Supplied data:
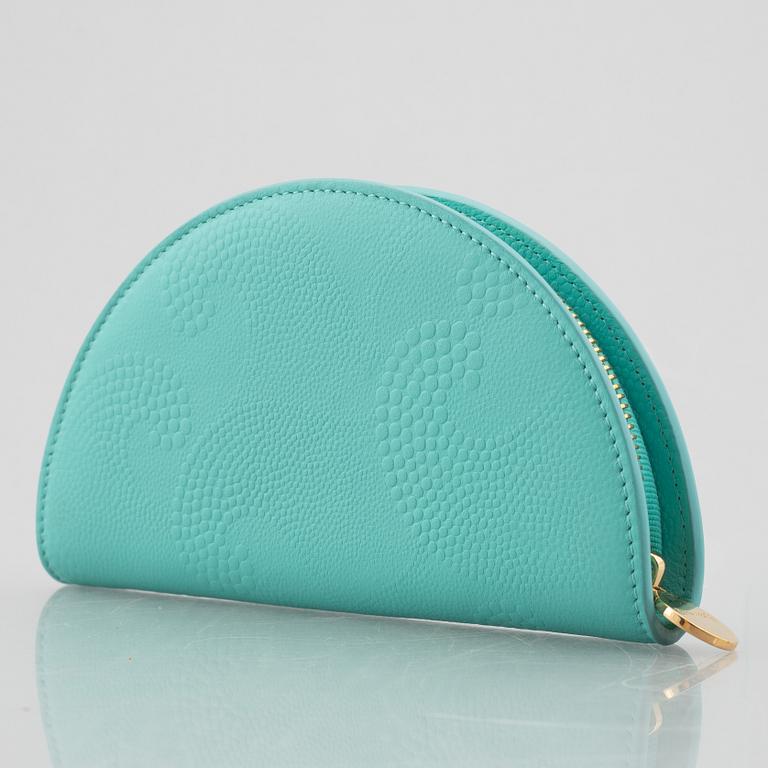 Tiffany & Co, a wallet.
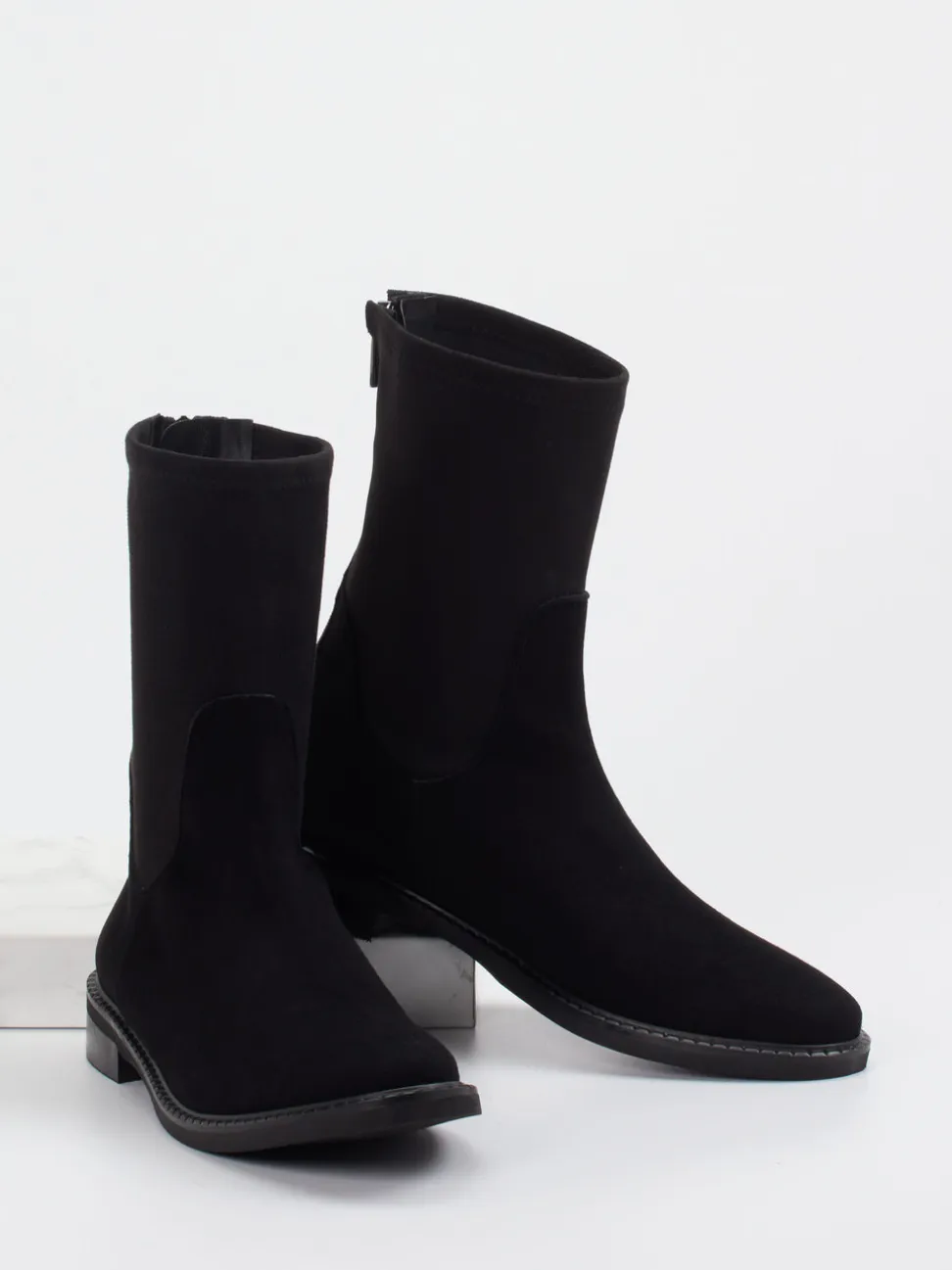 Andrea Puccini – Stiefelette aus Veloursleder schwarz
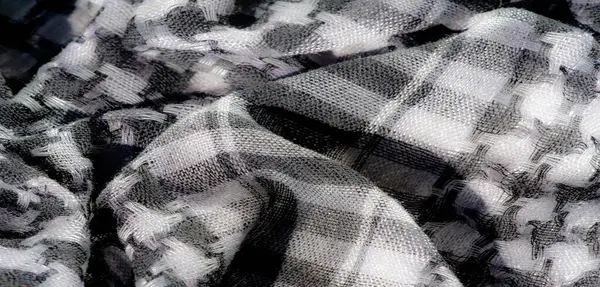 Karmaşık bir desen ve ince ağ detaylarına sahip gri ölçekli dokuma kumaşın bulanık yakın çekimi, katmanlı katmanları ve yüksek çözünürlüklü yumuşak, dokulu estetiği gösteriyor.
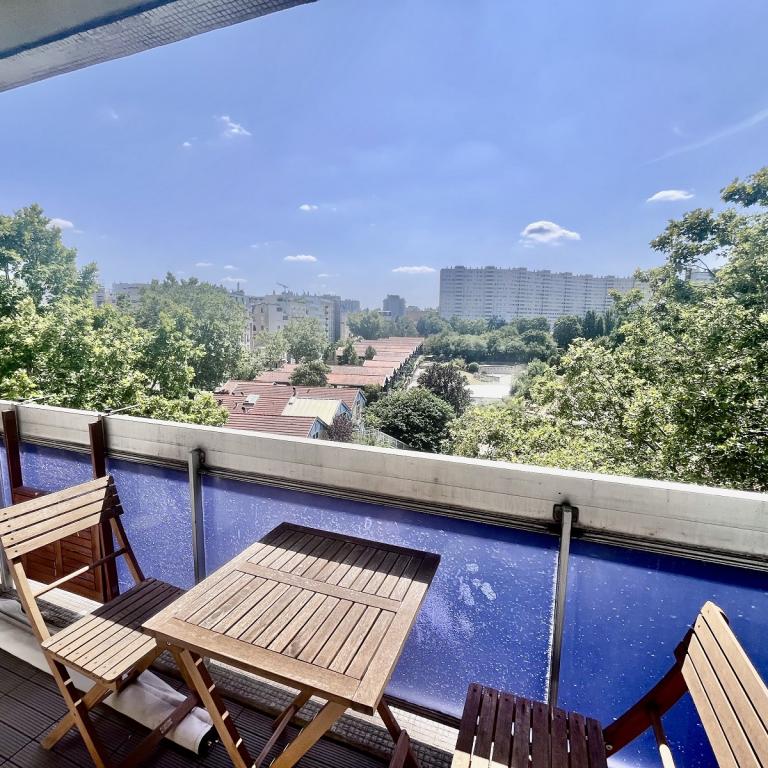 A LOUER STUDIO PARIS XVème avec BALCON CAVE ET PARKING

Exercise brief: Only the lines from the one containing "Karmaşık bir desen" through the end of the listing above should be reproduced, exactly as they stand. Leave the pictures out.

Answer section:
 Karmaşık bir desen ve ince ağ detaylarına sahip gri ölçekli dokuma kumaşın bulanık yakın çekimi, katmanlı katmanları ve yüksek çözünürlüklü yumuşak, dokulu estetiği gösteriyor.
 A LOUER STUDIO PARIS XVème avec BALCON CAVE ET PARKING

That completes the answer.